ESCOMP / CAM

Community Atmosphere Model
71 stars 133 forks source link

MPASA restart failure #874

Open jedwards4b opened 11 months ago

jedwards4b commented 11 months ago

What happened?

I noticed when testing ERS_Ln9.mpasa7p5_mpasa7p5_mg17.QPC6.derecho_intel.cam-outfrq9s that CLUBB was generating an error on restart: Error in advance_xp2_xpyp First this leads to an intolerable amount of output to stdout that will need to be addressed for high resolution runs.

Second I repeated this test with ERS_Ln9.mpasa30_mpasa30.QPC6.derecho_intel.cam-outfrq9s and it fails with the same error.

What are the steps to reproduce the bug?

Just run the test: ERS_Ln9.mpasa30_mpasa30.QPC6.derecho_intel.cam-outfrq9s

What CAM tag were you using?

cam6_3_119 - cam6_3_122

What machine were you running CAM on?

CISL machine (e.g. cheyenne)

What compiler were you using?

Intel

Path to a case directory, if applicable

No response

Will you be addressing this bug yourself?

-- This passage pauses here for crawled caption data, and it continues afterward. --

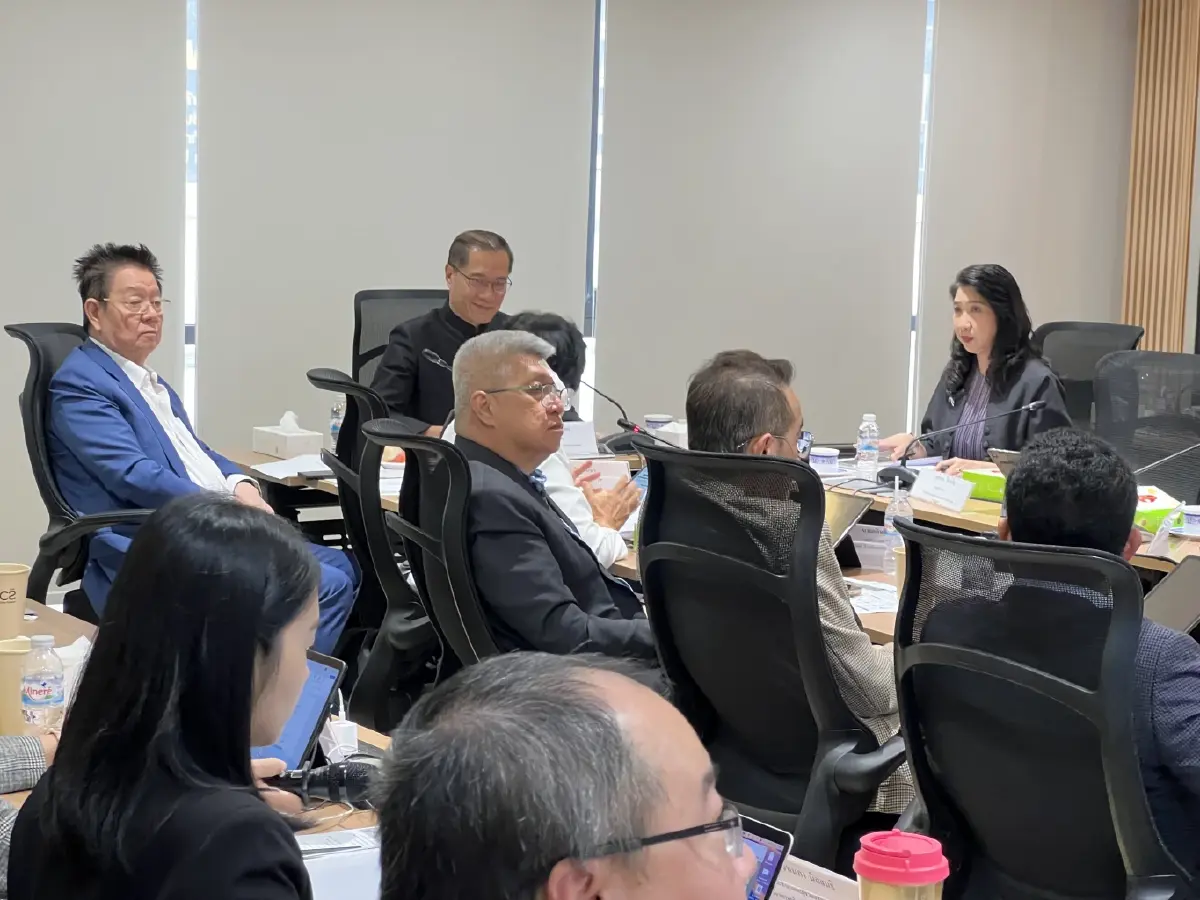 ประชาพิจารณ์ ‘ค่าเหยียบแผ่นดิน’ 450 บาท ‘วีระศักดิ์’ ย้ำโปร่งใสบริหารกองทุนหมื่นล้าน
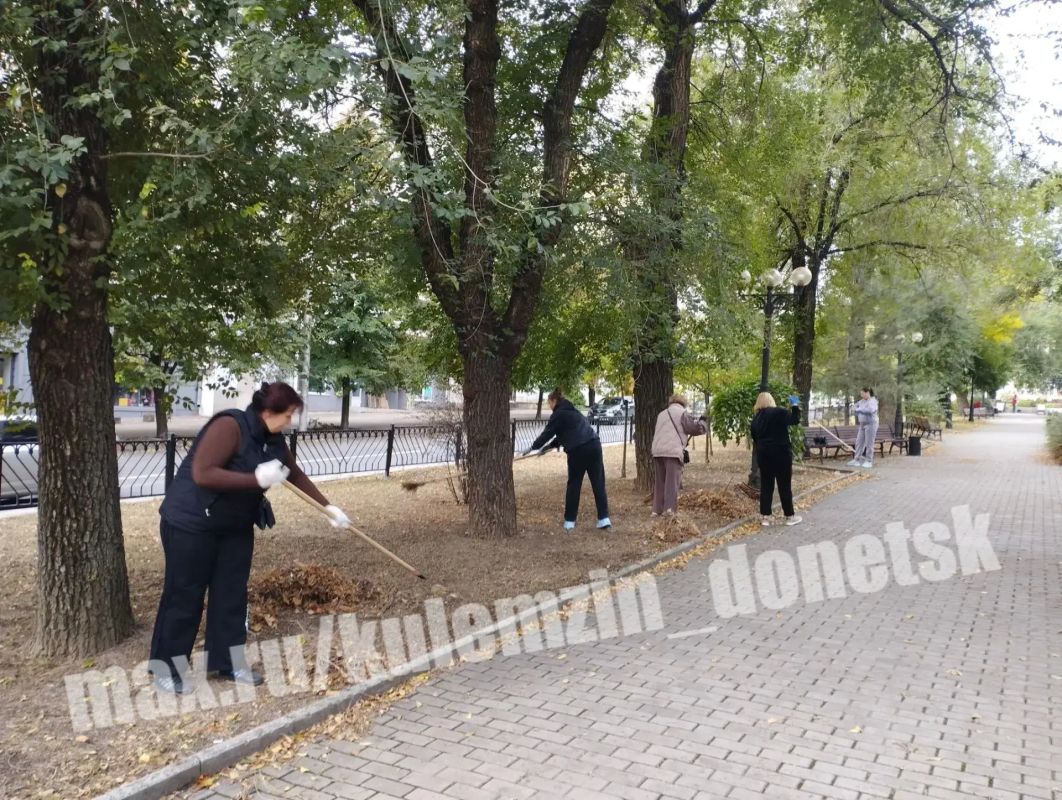 Активное участие в субботнике приняли и сотрудники администрации городского округа Донецк Активное участие в субботнике приняли и сотрудники администрации городского округа Донецк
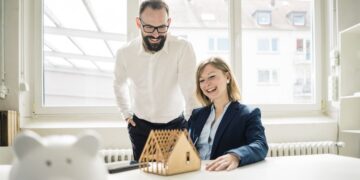 mit Immobilien Geld verdienen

Yes, but I will need some help

Extra info

No response

adamrher commented 11 months ago

I don't know that this will resolve the restart failure, but it's relevant to the massive restart files. When we updated the clubb externals earlier this year, we switched the clubb pdf closure to after the clubb solver, which requires adding a bunch of high order moments, generated by the pdf closure, into the restarts. You can experiment with putting the pdf closure back, which I believe trims the restarts to the ~size they were in the old externals.

clubb_ipdf_call_placement=1

in user_nl_cam will switch it back. @Katetc can you verify whether this will trim the restarts?

jedwards4b commented 11 months ago

@adamrher - that didn't solve the problem, but thank you for the suggestion.

adamrher commented 11 months ago

OK. In case it helps, to trim the default i/o in h0 tapes, I usually remove all the aerosol/chem species via:

 history_chemistry              =             .true.
 history_chemspecies_srf                =       .true.
jedwards4b commented 11 months ago

I'm using empty_htapes=.true., this is purely a restart issue.

jedwards4b commented 10 months ago

I was able to run ERS_Ln9.mpasa120_mpasa120.QPC6.derecho_intel.cam-outfrq9s and ERS_Ln9.mpasa60_mpasa60.QPC6.derecho_intel.cam-outfrq9s successfully but ERS_Ln9.mpasa30_mpasa30.QPC6.derecho_intel.cam-outfrq9s still gives the same error in spite of extreme changes in timestep:

mpas_dt = 45.0 ATM_NCPL: 80 NCPL_BASE_PERIOD: hour

fvitt commented 10 months ago

@jedwards4b What are the values of P0 and pbuf_time_idx in the restart files of these failing cases? In my high-res (ne120) waccmx runs on derecho these are zero in the restart file, while they should be 100000 and 1, respecively.

jedwards4b commented 10 months ago

@fvitt thanks - there is no P0 in the file but pbuf_time_idx is 0 where it is 1 in the lower resolution files.

jedwards4b commented 10 months ago

@fvitt can you provide instructions to reproduce the ne120 case, I would like to add it to my testing.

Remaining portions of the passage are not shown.